Tom Lutz stood no chance. His first clue should have been the forecast. His second should have been that he'd drawn the short straw that put a journalist irate about poor Elgin public services into his snowplow for the day.

An Elgin resident, a veteran of about 10 years working in the water/sewer area of public works and a primary plow driver during winter, Lutz picked me up at my house 1½ hours into a 12-hour shift he'd begun at 7 a.m.

We didn't know each other. When he dropped me off a foot of snow and 8½ hours later, we were like French infantry survivors of Waterloo. Lifelong comrades forged in a losing cause.

We plowed all the main streets in his designated coverage area on the city's near southeast side for a second time and had time to hit most of the residential streets. We were joined by another plow for tandem plowing of main roads, necessary because a lane cleared by a single plow will quickly be filled by slush from cars in the unplowed lane.

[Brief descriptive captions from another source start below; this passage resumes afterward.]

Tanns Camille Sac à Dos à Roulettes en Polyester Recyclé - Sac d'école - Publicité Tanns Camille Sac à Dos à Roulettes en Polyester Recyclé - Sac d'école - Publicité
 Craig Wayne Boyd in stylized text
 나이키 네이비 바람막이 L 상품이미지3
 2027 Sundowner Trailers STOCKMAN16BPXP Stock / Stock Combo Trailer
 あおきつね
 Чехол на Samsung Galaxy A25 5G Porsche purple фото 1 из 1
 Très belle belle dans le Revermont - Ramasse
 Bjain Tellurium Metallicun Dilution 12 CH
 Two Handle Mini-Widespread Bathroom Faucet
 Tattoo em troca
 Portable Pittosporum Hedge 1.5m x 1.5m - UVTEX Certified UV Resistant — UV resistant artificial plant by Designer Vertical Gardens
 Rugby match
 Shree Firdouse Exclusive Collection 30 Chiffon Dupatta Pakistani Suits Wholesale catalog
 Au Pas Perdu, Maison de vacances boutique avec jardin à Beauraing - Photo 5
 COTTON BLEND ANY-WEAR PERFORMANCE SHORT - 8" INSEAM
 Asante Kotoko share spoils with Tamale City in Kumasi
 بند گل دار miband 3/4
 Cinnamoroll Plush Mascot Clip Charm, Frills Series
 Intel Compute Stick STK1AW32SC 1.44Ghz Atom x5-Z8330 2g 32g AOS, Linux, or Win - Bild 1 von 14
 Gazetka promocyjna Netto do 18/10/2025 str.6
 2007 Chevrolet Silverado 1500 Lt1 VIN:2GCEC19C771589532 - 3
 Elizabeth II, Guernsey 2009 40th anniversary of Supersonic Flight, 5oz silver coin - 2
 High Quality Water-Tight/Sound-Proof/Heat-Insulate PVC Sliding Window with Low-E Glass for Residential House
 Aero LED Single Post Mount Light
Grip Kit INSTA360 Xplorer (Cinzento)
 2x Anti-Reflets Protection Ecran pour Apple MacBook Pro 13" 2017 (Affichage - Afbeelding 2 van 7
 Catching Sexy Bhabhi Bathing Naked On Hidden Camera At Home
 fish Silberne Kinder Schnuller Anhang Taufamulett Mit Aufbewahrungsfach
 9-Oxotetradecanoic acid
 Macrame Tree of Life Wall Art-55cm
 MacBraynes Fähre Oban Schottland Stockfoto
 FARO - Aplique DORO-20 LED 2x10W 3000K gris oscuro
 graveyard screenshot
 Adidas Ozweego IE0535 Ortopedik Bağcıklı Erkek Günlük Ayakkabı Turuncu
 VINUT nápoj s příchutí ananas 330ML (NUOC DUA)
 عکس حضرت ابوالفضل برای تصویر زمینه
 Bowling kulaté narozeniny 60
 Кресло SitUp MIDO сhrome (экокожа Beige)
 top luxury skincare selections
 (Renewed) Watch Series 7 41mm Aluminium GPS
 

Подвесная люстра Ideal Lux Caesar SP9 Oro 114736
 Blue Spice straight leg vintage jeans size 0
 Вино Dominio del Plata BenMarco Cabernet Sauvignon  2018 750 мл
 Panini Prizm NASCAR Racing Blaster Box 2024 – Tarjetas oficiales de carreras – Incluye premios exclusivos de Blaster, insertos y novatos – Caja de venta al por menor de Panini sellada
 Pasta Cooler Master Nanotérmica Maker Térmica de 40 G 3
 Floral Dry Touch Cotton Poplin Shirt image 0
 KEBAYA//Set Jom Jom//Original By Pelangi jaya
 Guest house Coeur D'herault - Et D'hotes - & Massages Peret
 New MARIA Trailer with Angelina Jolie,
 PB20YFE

"He's like our wing man, then?" I asked Lutz.

"Exactly," he said. "And he should stay tight behind us."

Villa. Bluff City. Liberty. St. Charles. Raymond. Route 25. Again. And again. Mile after mile. Lutz was constantly busy with the radio, steering wheel, push button shifter, parking brake, and controls for two plows and a salt spreader while avoiding cars, pedestrians and garbage carts.

Soon, though, the snow really started to fall, and the day disintegrated inch by snowy inch. You learn Elgin is far more hilly than you knew by plowing uphill in a foot of snow. We plowed dead-ends I never knew existed, one of which we got to know too well when a wheel slipped off the pavement in a tight turnaround and was buried in a sea of mud. We had to be towed out. Lutz was embarrassed. I was happy for the smoke break.

We stuffed down a couple of hot dogs in a pit stop-speed lunch break and rushed back out. But it was like watching from a disabled boat as a hurricane approached. Disaster loomed. A foot of snow is always a misery, but it was made worse by cars parked illegally on snow routes, pedestrians with no recourse but to walk in the street and residents blowing snow into the street right behind us. We were barely moving, but we slid right into a fence at a Shakeproof/Illinois Toolworks parking lot that had turned into an ice rink since our last turnaround there. We hit snow-hidden potholes so big they'd probably be visible from the moon using only a modest telescope.

I told Lutz I felt like I'd become his curse. He laughed.

"This stuff happens."

By 4:30, traffic was a disaster, we'd been delayed by a bus turned sideways and our wing man was stuck blocks away. We were losing the battle. Too many miles. Too much snow. Too little help. And then we heard another call, this one reporting a broken water main. A couple of minutes later, his radio crackled. He was pulled off his snow route to fix it.

"You want to help fix a water main?" he asked.

"Not really," I said. "I think it's time to go home."

He was more than welcomed in my neighborhood, where no plow had touched the street. He blew it open to get me home and cleaned it up with another pass on his way out. He was our hero.

And a guy headed to a water main break 10 hours into a 12-hour shift, followed by another plow shift at 3 a.m.

The city was a mess. Still is, for that matter. But it surely wasn't due to a lack of effort on Tom Lutz's part.